On the other hand, in a case involving another Alterra facility, a Florida appeals court compelled a resident of an assisted living facility to proceed to arbitration against the facility, even though the court concluded that the arbitration agreement was substantively flawed. In Alterra Healthcare Corp. v. Bryant, the arbitration agreement improperly disallowed the imposition of punitive damages, limited the non-economic damages that could be awarded to the resident, and prohibited her from recovering attorney's fees.
Each of those remedies are available to residents of assisted living facilities under Florida's Assisted Living Facilities Act. However, the agreement contained a severance provision, which stated that the invalidity of any portion of the agreement would not affect the validity of the other parts. Therefore, the court struck down the provisions limiting Ms. Bryant's remedies, but concluded that the agreement to arbitrate was otherwise enforceable.
C. Balancing Act
Courts throughout the country have long enforced agreements to arbitrate. In the medical malpractice context, however, courts are struggling to balance their inclination to enforce such agreements against their concern that patients may not appreciate that they are relinquishing important legal rights, or have no real choice in light of their need for medical care. Therefore, courts tend to scrutinize arbitration provisions in medical service agreements more closely than those contained in commercial contracts.
Many states have attempted to strike a proper balance between those competing interests by enacting legislation that provides safeguards to patients who are asked to sign arbitration agreements in medical services contracts. Those statutory protections have come in many forms.
They include requirements that arbitration clauses appear in bold type or large letters that draw patients' attention to their relinquishment of the right to sue or to have their case decided by a jury. Other statutes require a statement advising the patient that signing the arbitration clause is voluntary, and that receipt of medical treatment is not contingent on the patient signing the clause.
Some states require the agreements to include a provision that allows the patient to rescind the agreement to arbitrate within a specified period of time.
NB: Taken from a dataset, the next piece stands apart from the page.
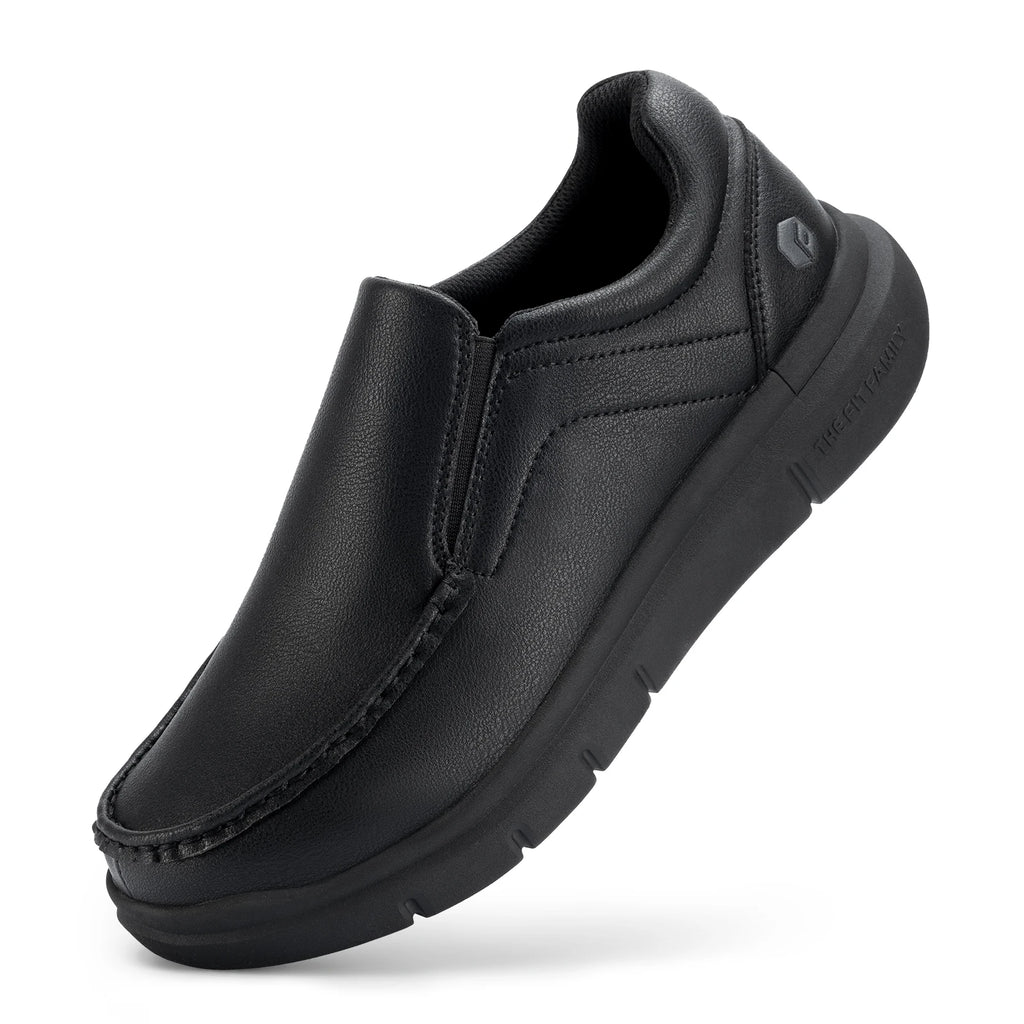 Men's Wide Fit Leather Slip-On Loafers – Lightweight Casual Walking Shoes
Still other statutes provide that the option to arbitrate disputes over medical treatment may not be presented to the patient until after the treatment has concluded.
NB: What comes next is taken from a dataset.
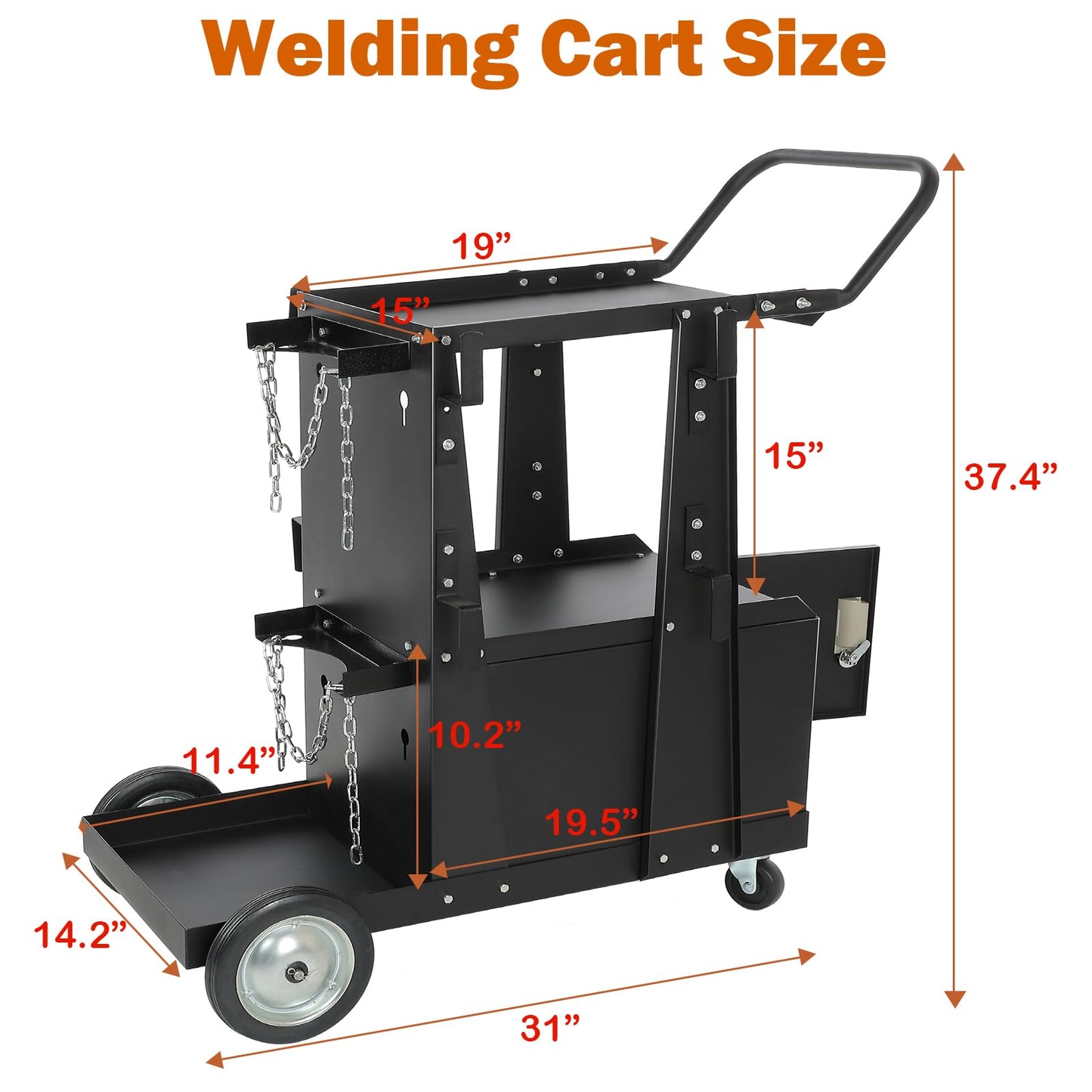 RCARTICH Welding Cart,Heavy Duty Rolling Welder Carts with 360 Swivel Wheels,Large Size Welder Cart for MIG MMA TIG Welding Machine and Plasma Cutter Tank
To the extent that arbitration agreements comply with applicable statutory requirements, they are usually held to be enforceable, absent some other evidence of unfairness or overreaching.
D. Maryland Law
There is no Maryland statute that addresses private agreements that impose binding arbitration on medical malpractice claimants, and there are no reported Maryland cases regarding the enforceability of such provisions.
However, for many years, seriously injured patients were required by statute to submit to non-binding arbitration before those patients were allowed to present their malpractice claims to a Maryland jury. Nevertheless, that statute has been amended, and now allows patients to waive out of the non-binding arbitration requirement in most instances.
It is possible that Maryland's statutory non-binding arbitration scheme could be interpreted as a prohibition against private, binding arbitration agreements. On the other hand, Maryland courts, like those described above, might enforce a private binding arbitration agreement after closely examining the circumstances under which the agreement was signed to determine whether the patient freely and voluntarily entered into the agreement to arbitrate, and reviewing the terms of the arbitration agreement to see if it unfairly favors the provider.